Latest update January 17th, 2025 6:30 AM
Jan 10, 2014 News
By Zena Henry
City Hall is seeking to make garbage control – dumping and collection – its number one priority this year. As the city continues to be plagued with rubbish pile-ups resulting from indiscriminate dumping, the Council is thus moving towards a 2014 budget that focuses earnestly on the management of garbage and its collection.
Public Relations Officer Royston King told Kaieteur News yesterday that a consensus has been reached among Councilors, that the city’s current garbage situation is the first matter that should be addressed in this year’s budget. At an important meeting held on Wednesday to address the budget sums, King said that, “All Councilors present expressed, in particular, their view that the garbage situation must be Council’s first priority for 2014″.
“Indeed numerous accumulations of garbage in almost every section of the city continue to impact on the health of the environment and the public health of Georgetown.”
Councilor Oscar Clarke, Vice Chairman of the Finance Committee, advocated for a re-look of the Council’s budget which was shot down by the Mayor and majority of Councilors for its lack of depth and “unrealistic make-up.”
The Vice Chairman, it is understood, was very expressive in his remarks about the crisis the garbage situation is posing. It was therefore the collective expression by Councilors that more property cash should be spent in this area.
“Also, Councilors expressed concern about adequate resources to the Constabulary department and instructed the administration to contemplate ways in which more resources could be given to the Constabulary, as they are responsible for public security.”
King said that by the end of Wednesday’s meeting, “the administration was instructed to retool that budget to strengthen the major departments such as Solid Waste, Engineer’s, Public Health, the Constabulary and to increase the capacity of service.”
Another meeting will be held today, while hopes are that come next Monday, the new budget could be presented and passed at Council’s Statutory Meeting.

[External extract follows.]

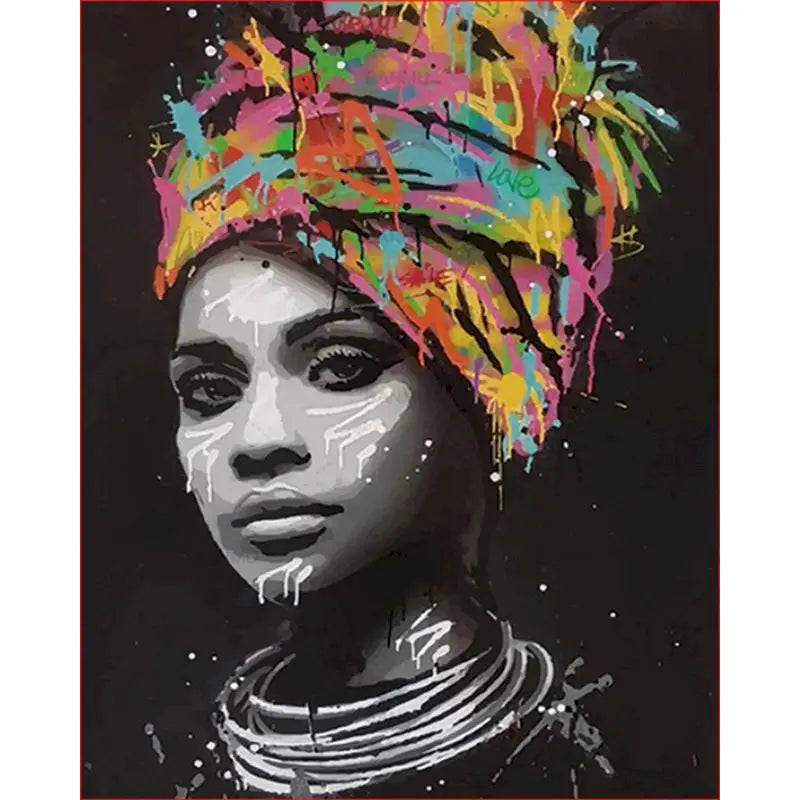 Elegant African Woman | Paint by Numbers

Hostile clashes resulted over budget allocations at the last budget reading towards the end of last year.
The previously presented budget failed to get the support of the Mayor and City Councilors and was also rejected by the Local Government Ministry. The Finance Committee Chairman, Junior Garrett, had told Councilors that whether they approved the budget or not, he would be presenting the figures to the Local Government Ministry. The Finance Committee has been ordered, however, to rework the budget and equip it to suit major problems that continue to plague the city.
Garrett and his team budgeted $2,055,467,116 for the year 2014, taking into consideration funds allocated to the various Municipal departments, and funds allocated for the execution of city jobs. Councilors said that he failed to address the real issues posing difficulty to the Council. Several of them asked about the pursuit of delinquent tax payers and their prosecution. They questioned how funds would be used to improve the debt recovery unit and noted the low tone on the issue of property valuation as a means of revenue generation.

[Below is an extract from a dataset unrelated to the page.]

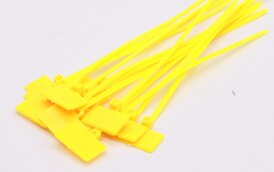Farve skiltning kabelbånd 4*150 etiket nylon kabelbånd plast netværkskabel mærkning kabelbånd tilstrækkelig mængde  of 250 tegn: Gul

Mayor Hamilton Green at the time hammered the budget proposal by saying it lacked depth and does not cater for the duties and responsibilities of the Municipality. He spoke about the building and maintenance of roads and communities, while highlighting a need for generating revenue.
The Mayor charged that the budget was set “wittingly or unwittingly to embarrass the Council.” “The budget does not say anything about the Council’s constraints and confrontations, thus making it a nonsensical budget,” he told Garrett.